Para mí, sigue estando muy cerca. Como narrador, si de escritores aragoneses hablamos, Ramón J Sender y él siguen destacando sobre otros autores que han intentado utilizar escenarios como las ciudades de Zaragoza y Huesca, o el Pirineo, habituales en la atmósfera badelliana. Su profundidad, su inquietud existencialista por el sentido y la trascendencia, la religión, la soledad, el poder, convertían esos decorados, en su mano, en telones de fondo de seres entretenidos, ingeniosos y atormentados: sus personajes.
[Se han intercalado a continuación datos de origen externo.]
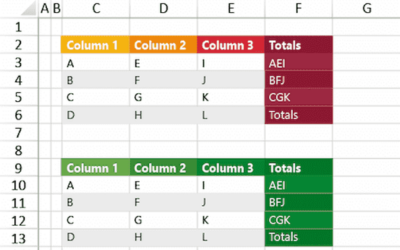 Set XLSX Themes and Colors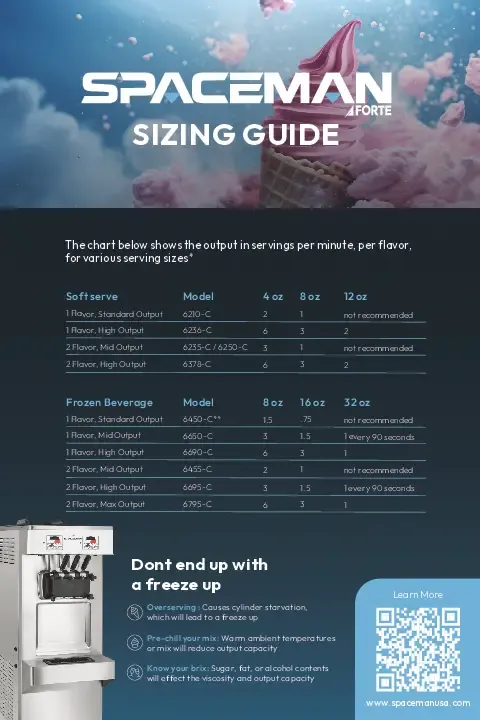 sizingguide-softserveandfrozenbeverage.pdf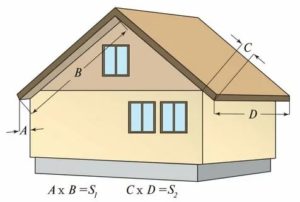 Как посчитать площадь фасада дома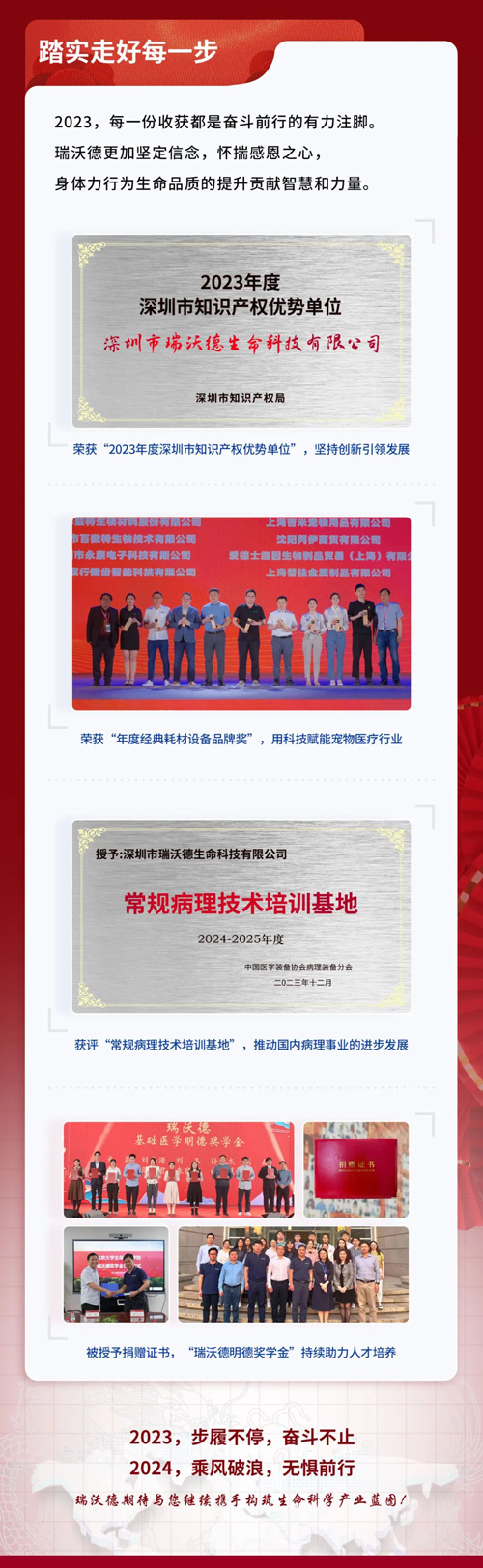 瑞沃德2023，步履不停，为提升生命品质而奋斗！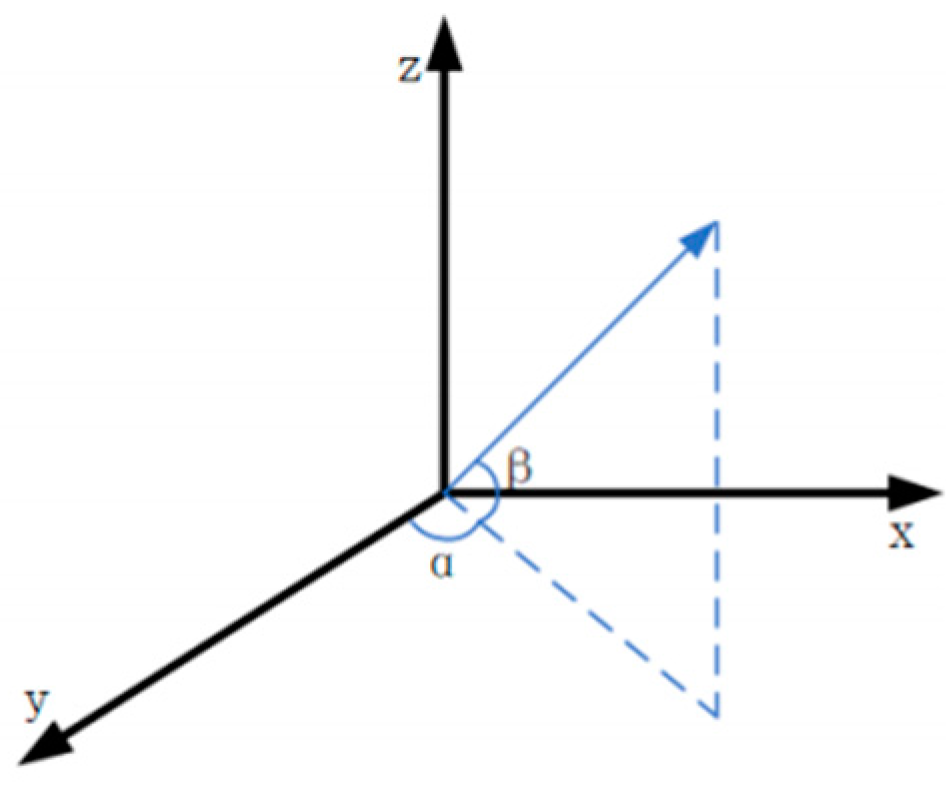 Applsci 13 10193 g008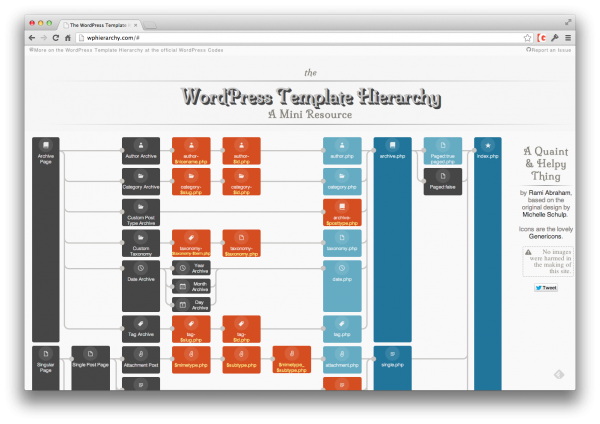 Hierarchy Chart Online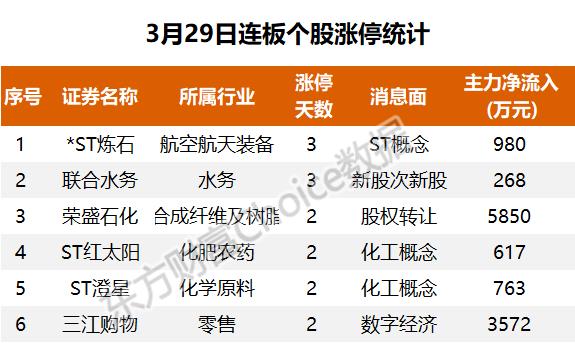 26亿爆买半导体，1.1亿抢筹四川长虹｜A股日报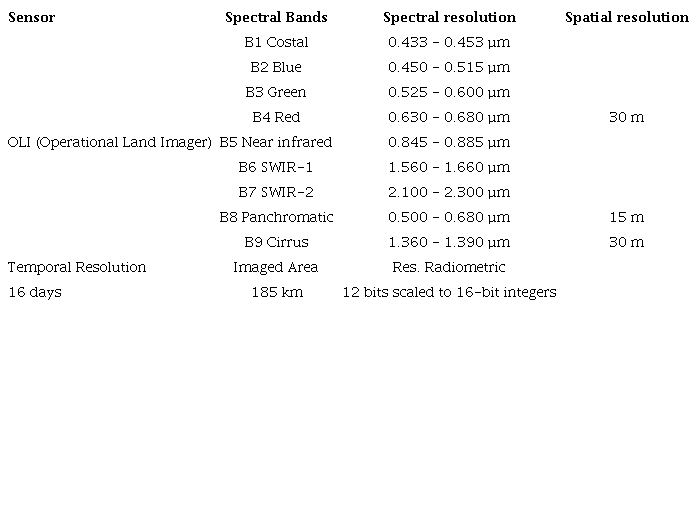 Features of the Landsat 8 series. 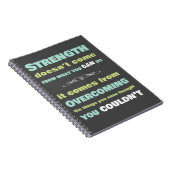 Carnet Citation de motivation de force (Côté Droit)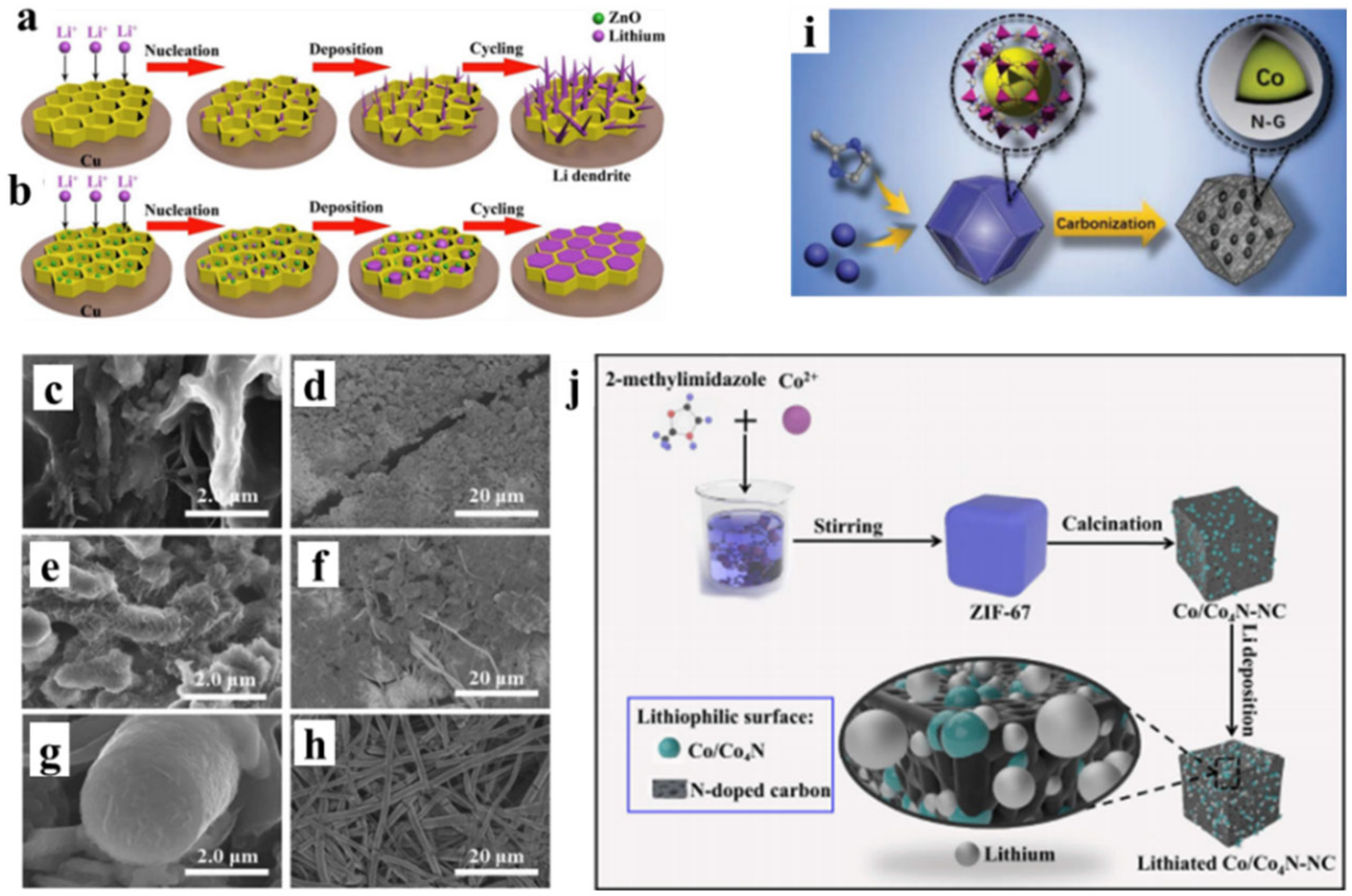 Applsci 10 04185 g006 Applsci 10 04185 g006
La Zaragoza de Badell, tejida por sueños de retropía e ínfulas de funcionarios franquistas, no es una reliquia. Aquellos 70, con su burguesía de bigotito y sus revolucionarios de papel están de plena vigencia. Ha cambiado el marco político, cierto, el aspecto de la capital del Ebro, también, pero los tipos reflejados por Badell son los mismos individuos mediocres y alunados, a la deriva por el casco viejo, y en la vida, mientras el amor, el conocimiento y el tiempo pasaban y pasan a su lado sin tocarlos. Aquellos individuos, padres de los actuales, que Badell me presentaba de Las armas a Montemolín, en la vieja taberna del Tío Faustino, donde escribía en una mesa que rezumaba vino de Cariñena y queso picón y donde hablábamos de Kafka, de Heidegger y Faulkner hasta que Edith Dufour venía a rescatarnos... Aquel Badell brillante y rabioso, hundido y lúcido no fue jamás condecorado por la opinión pública, por los críticos, por los intelectuales, por el Premio Nadal, que ganaba cualquier escribano, pero perdura en la memoria de los que disfrutamos de su genio y en novelas como la póstuma Saturnalia, que tuve el honor de editarle.

Su literatura respira hoy mejor que nunca.